Brasil tem 14,8 milhões sem emprego e governo nega

Atualizado: 31 de jul. de 2021

Diante dos dados da Pesquisa Nacional por Amostra de Domicílios (Pnad) Contínua, divulgada nesta sexta-feira (30/7) pelo Instituto Brasileiro de Geografia e Estatística (IBGE), apontando para 14,8 milhões de desempregados no país, o ministro da Economia, Paulo Guedes, mais uma vez desqualificou a instituição. Guedes, que promove o desmonte do órgão desde que assumiu a pasta, afirmou que o IBGE "está na Idade da Pedra Lascada". E usou números do Caged (Cadastro Geral de Empregados e Desempregados) para criar a falsa ideia de recuperação da economia e crescimento do mercado de trabalho.

Foto: Agência Brasil / Arquivo

“Nós criamos 300 mil empregos em junho [com base nos dados do Caged]. Desde que a covid nos atingiu, já criamos 2,5 milhões de novos empregos. A Pnad do IBGE está muito atrasada metodologicamente, pesquisa feita por telefone… É muito superior a metodologia do Caged, ela vem direto das empresas. Nós vamos ter inclusive que rever, acelerar os procedimentos do IBGE porque ele ainda está na idade da pedra lascada, baseada ainda em métodos que não são os mais eficientes. [Com o Caged], nós temos informações direto das empresas”, discursou ele em evento no Rio de Janeiro.

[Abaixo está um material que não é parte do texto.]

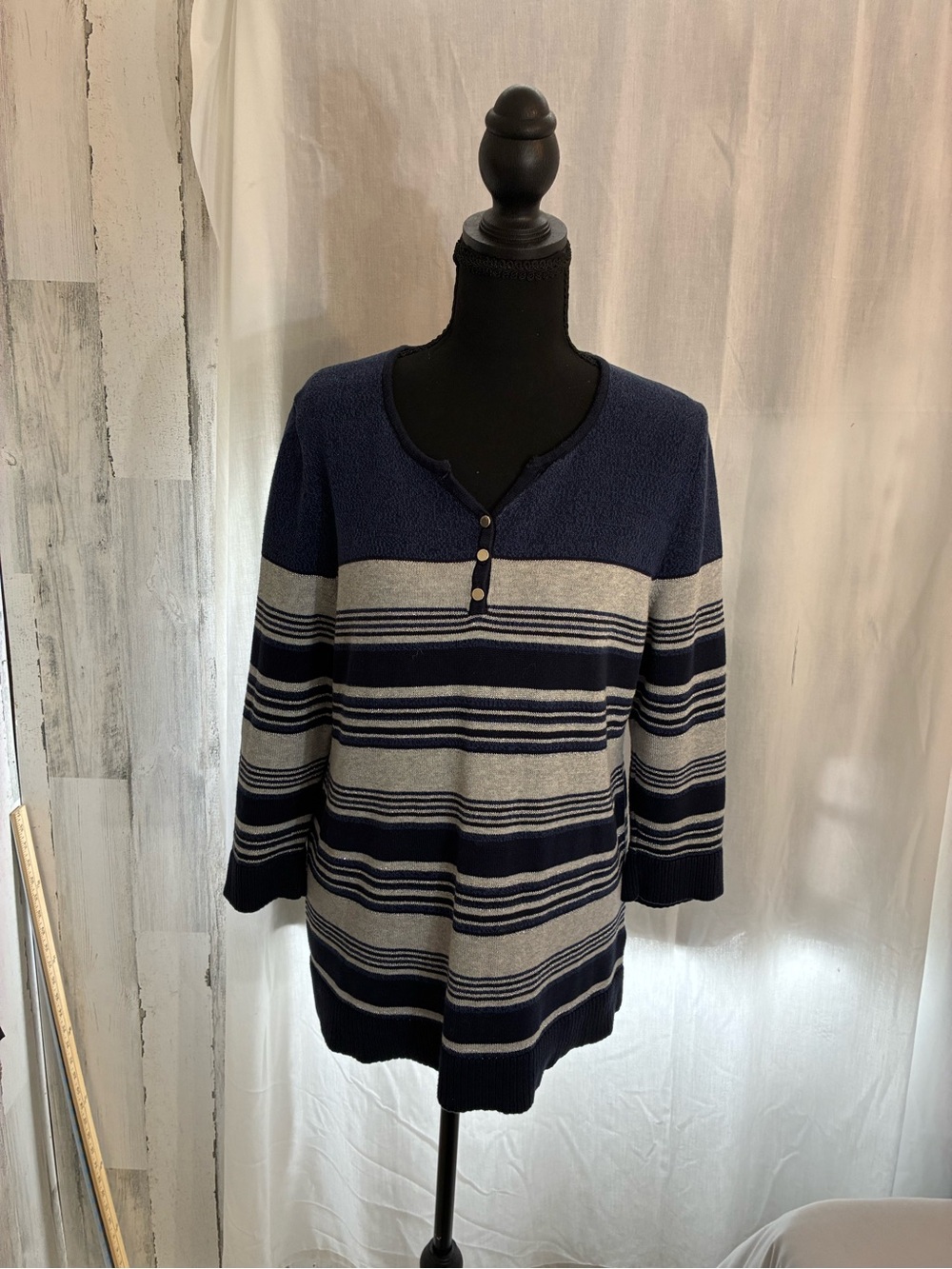 Liz Claiborne Navy and Gray Striped V-Neck Henley Sweater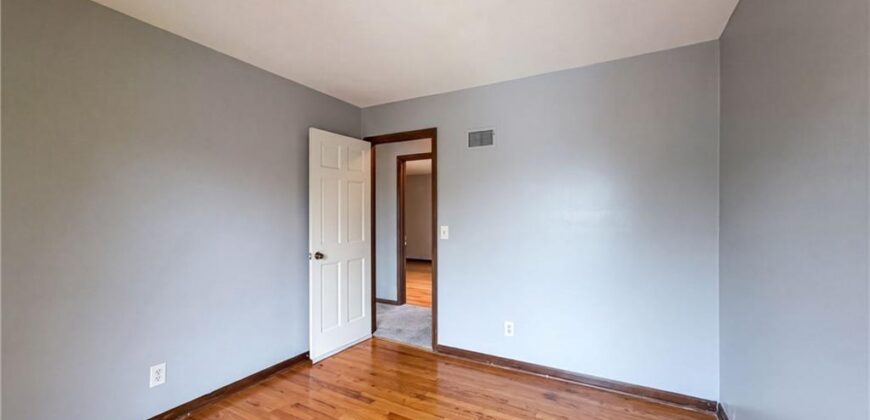 6916 N Overland Drive, Kansas City, MO 64151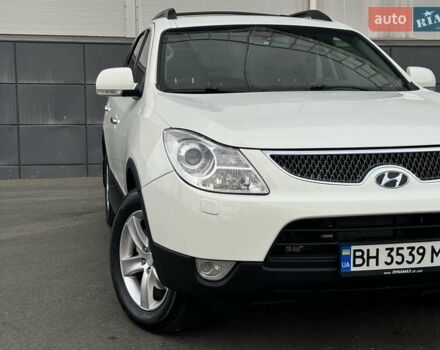Білий Хендай Вєракруз, об'ємом двигуна 2.96 л та пробігом 217 тис. км за 10900 $, фото 11 на Automoto.ua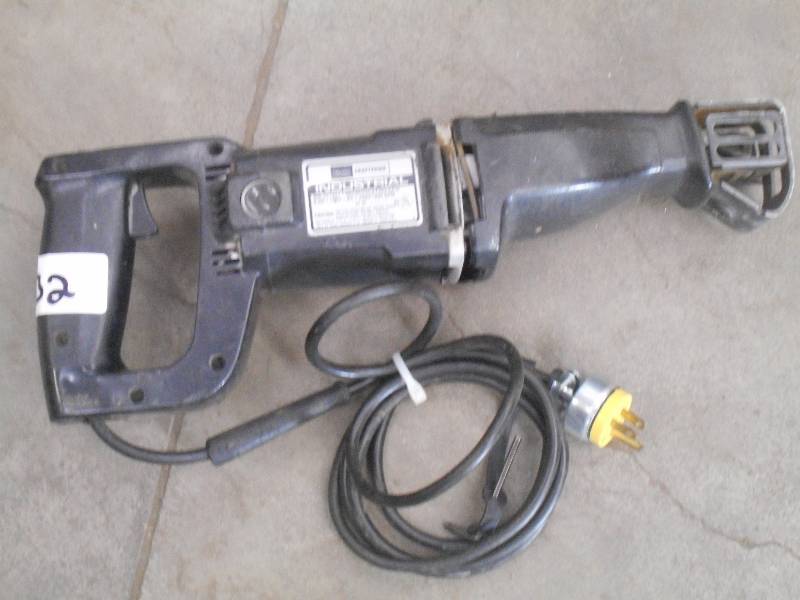 lot 32 image: Sears Industrial Reciprocating Saw ...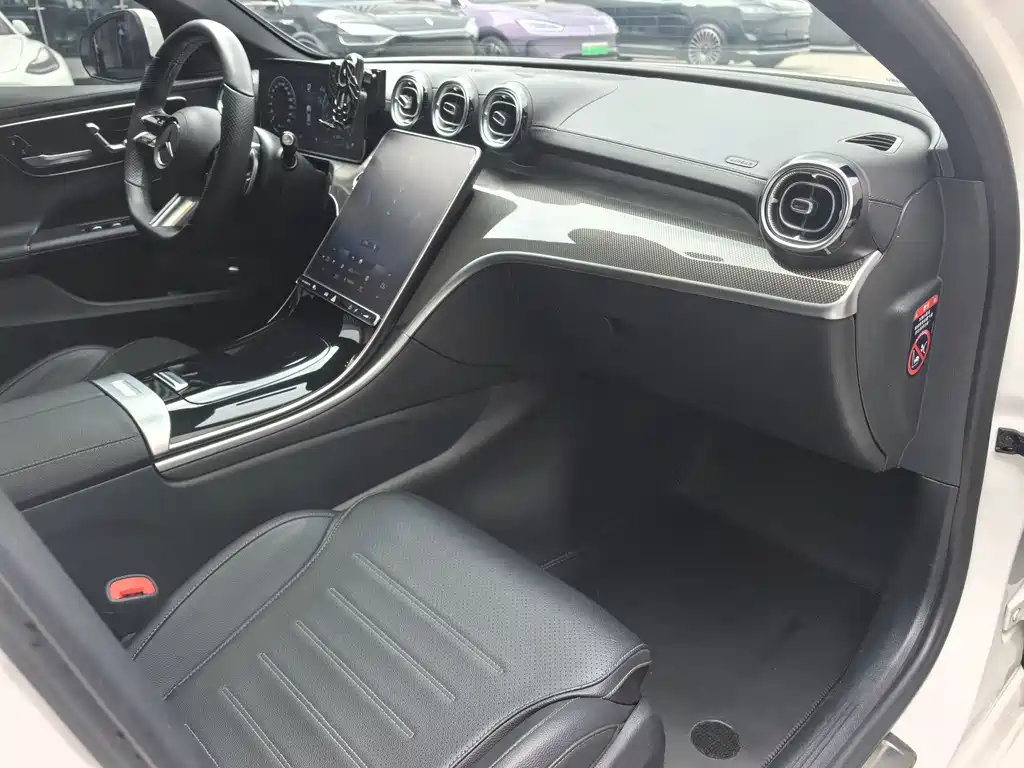 Mercedes-Benz C-Class 2022 — фото 16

Foto: Fabio Rodrigues Pozzebom / Agência Brasil

O ministro voltou a afirmar que “o Brasil está crescendo em ritmo acelerado” e prometeu criar “um milhão e meio de empregos neste ano”. A pesquisa do Pnad, entretanto, mostra um cenário um pouco diferente das pretensões milagrosas de Guedes. Apenas nos últimas três meses cerca de 200 mil brasileiros ficaram sem trabalho.


Distorções


O artifício comparativo entre os dois índices (Pand Contínua e Caged) tem sido usado pelo Ministério da Economia para desviar as atenções da grave realidade do desemprego que se abate sobre o Brasil .


Os números do Caged, contabilizados pelo próprio ministério, são enviados pelas empresas e consideram apenas trabalhadores com carteira assinada. Já os dados da Pnad Contínua do IBGE são bem mais abrangentes, levam em conta também os trabalhadores jogados na informalidade e os desalentados.


De acordo com o ex-ministro do Trabalho e atual Coordenador de Emprego e Renda de Niterói, Brizola Neto, há muitas distorções na metodologia de coleta de dados do Caged, que inclui contratos temporários e intermitentes, o que contribui para inflar os números.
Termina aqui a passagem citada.